The ACT's parallel universe, where the Greens and Labor worked quite well together, appeared at joint press conferences, and did some nation-leading policy work side by side has collapsed in on itself.
A more familiar posture for Labor and the Greens will instead be adopted: a stance that allows more criticism and obstruction from both sides. Less coalition, more uneasy cohabitation.
Greens leader Shane Rattenbury, who looked set to continue as the ACT's second-most experienced cabinet minister, will now be operating from the crossbench after long talks with Labor covered lots of ground and made little progress.
The Greens will on Wednesday back Labor's Andrew Barr to stay on as chief minister, but they won't take up any positions in cabinet. Labor will be in minority government.
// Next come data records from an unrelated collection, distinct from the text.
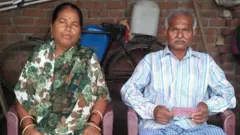 મુકેશ રાય તેમના પત્ની સાથે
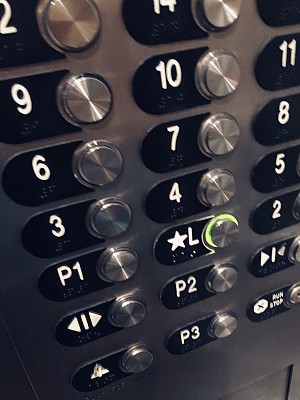 电梯按钮面板上没有13层的号码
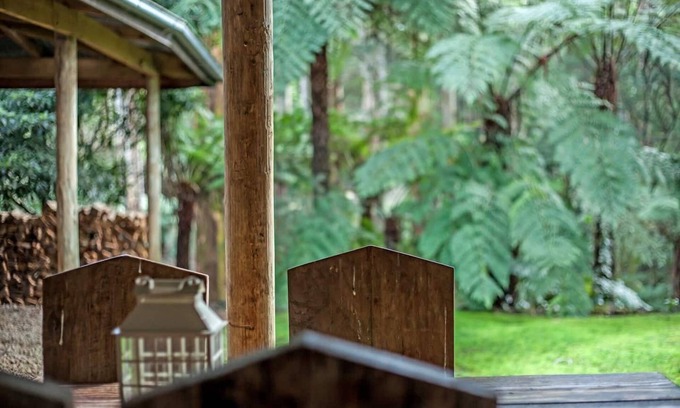 Mount Dandenong Maison | Jacuzzi lodge: Private rainforest with river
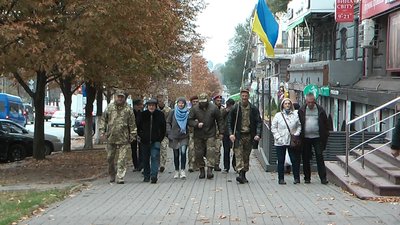 У Запоріжжі відбулася хода захисників і захисниць України У Запоріжжі відбулася хода захисників і захисниць України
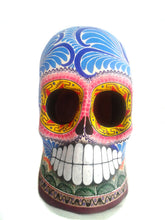 Cargar imagen en el visor de la galería, Cráneo Azul Grecas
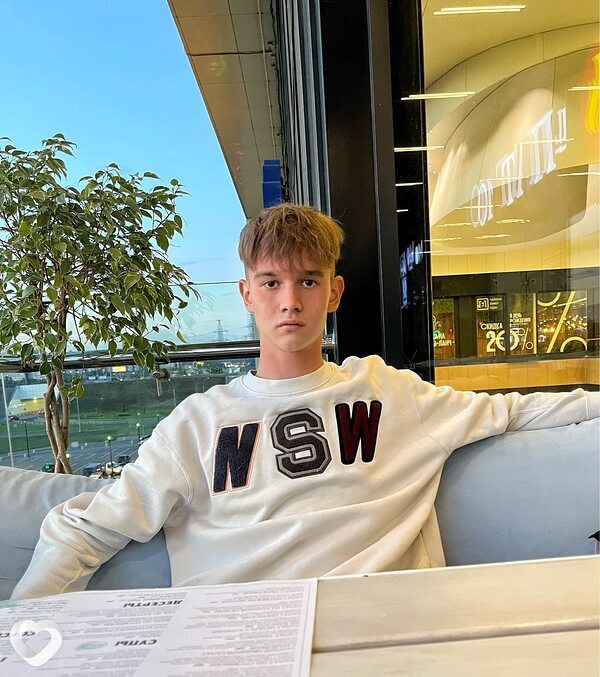 Илья, 21, Москве — анкета №778972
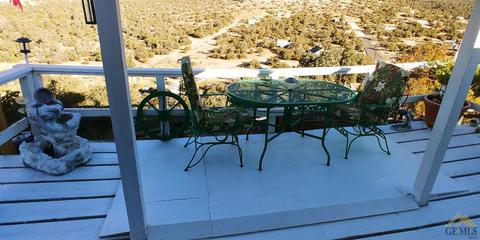 25613 Horseshoe Ln, Tehachapi, CA 93561 photo 1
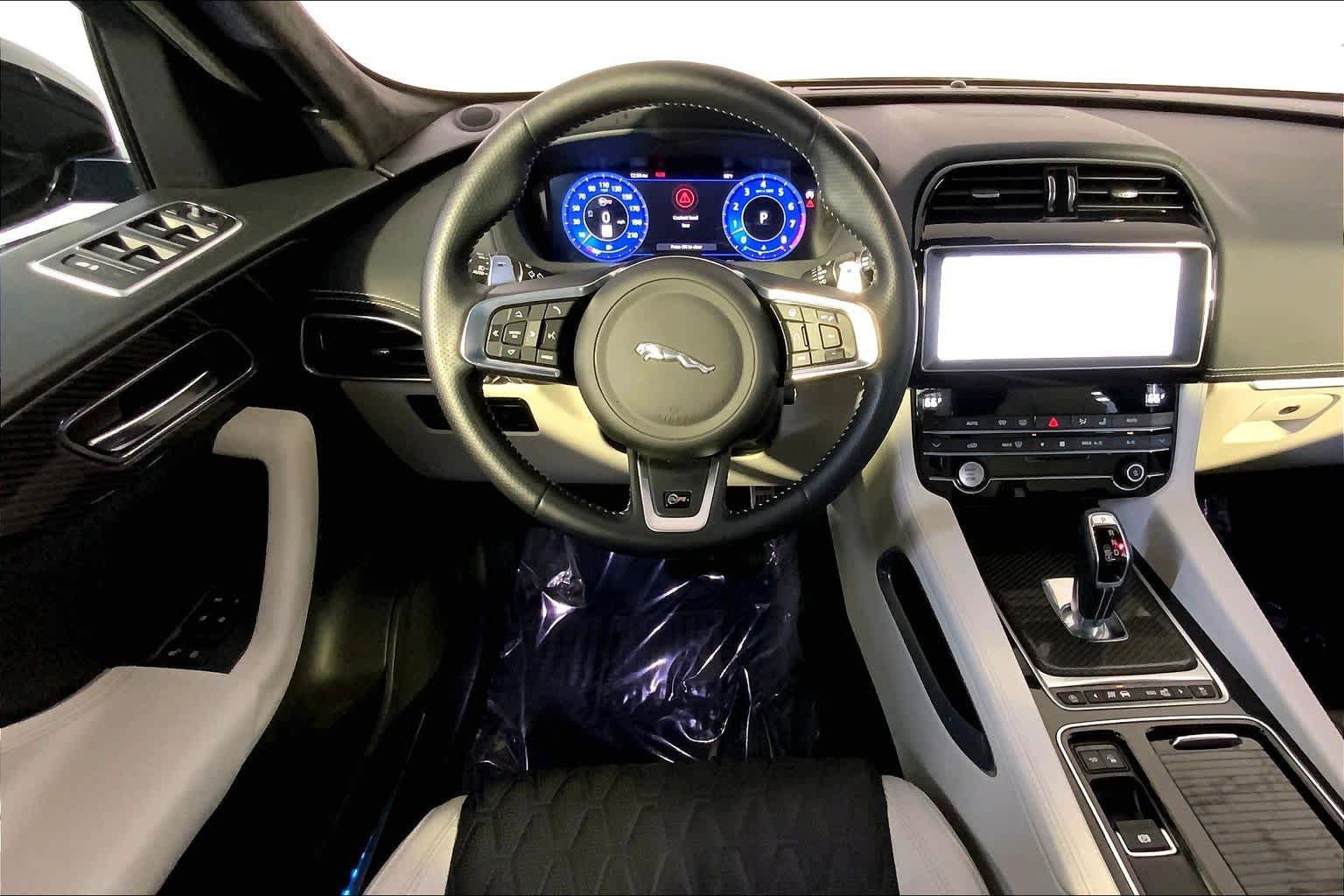 Used 2020 Jaguar F-PACE SVR AWD/4WD image 6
It's an odd thing: Mr Rattenbury is one of the Greens' most experienced parliamentarians but he's spent virtually no time on the crossbench. Speaker in his first term, Mr Rattenbury had been a minister since 2012.
The Greens had three ministers in the 10th Assembly. Two of them lost their seats at last month's election. Although the Greens' vote had gone backwards by not very much at all - 1.3 percentage points, across the board - it was taken by some as a sign: get out of cabinet.
Sitting on the crossbench demonstrates the Greens are prepared to walk from negotiations with Labor. Maybe this sign they will stick to their principles will have an appeal to those who have condemned the party for being too close to Labor.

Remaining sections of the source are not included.